How far is the foodbank’s growth linked to the recession and the cuts? "I’m sure it is," Angie stresses. "People are just finding it harder and harder to make ends meet".
Recent figures show real wages fell 4.5% between 2007 and 2011, and unemployment now stands at a 16-year high. These are among the factors highlighted by the Trussell Trust, which has also pointed to the impact of benefit cuts and rising food and fuel prices.
A recent independent report suggested providing a clear-cut answer was difficult, however. It said a degree of growth was to be expected with or without the recession, noting ‘the natural rise in food output of young foodbanks as they become established, and the snowball effect resulting from the Trust’s marketing activities’.
Volunteers were less hesitant. ‘It’s definitely worse,’ says Katie, with the faces around her nodding solemnly in agreement. ‘And it will get worse, we’re all aware of that as workers. We’ll be coming here a lot more’.
She pointed to the range of reforms being implemented this month, such as real-terms cuts to all working-age benefits, the abolition of crisis loans and the bedroom tax. The Institute for Fiscal Studies suggests these will leave families an average of £891 worse off. ‘We’ll be busier,’ agrees Angie glumly.
Their new clients may well include middle-class families. This is already happening, Angie says. “One lady was in tears when she arrived, one who used to donate. Her husband had left her. She had young children, she had her house south of Cambridge and a mortgage to pay, and she could’t get a job. She said she was going to have to sell up. The nice home, nice job, nice holidays, it had all disappeared.”
Politicians’ and commentators’ reactions to foodbanks has been mixed. The Conservatives and the Liberal Democrat Mayor of Cambridge have praised them as a grassroots initiative responding to hard times. Labour claim they are a dire reflection of the government’s handling of the economy.
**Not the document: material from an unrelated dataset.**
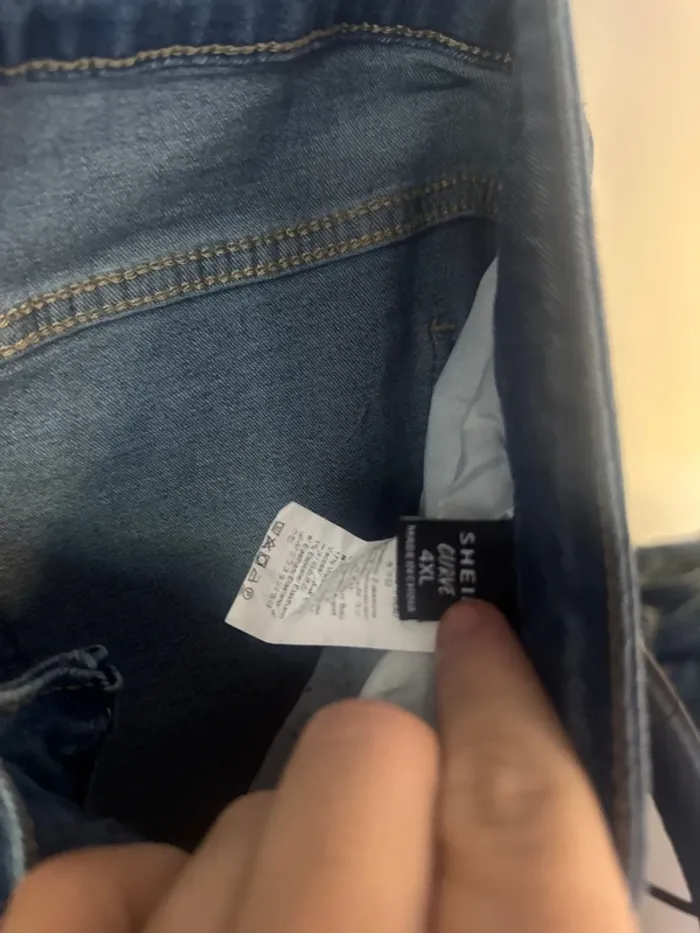 Jeans femme grande taille - photo numéro 3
Little attention has been paid so far to their limitations as a way of dealing with poverty, something I look at further in my article in the Comment section.
Whatever your politics, it seems clear the problem is a deeper one than recent comments by Downing Street suggest. People are using foodbanks, a spokesperson for the Prime Minister said, because “they feel they need a bit of extra food”.
We can only hope the findings of the government’s ongoing investigation are a little more thorough.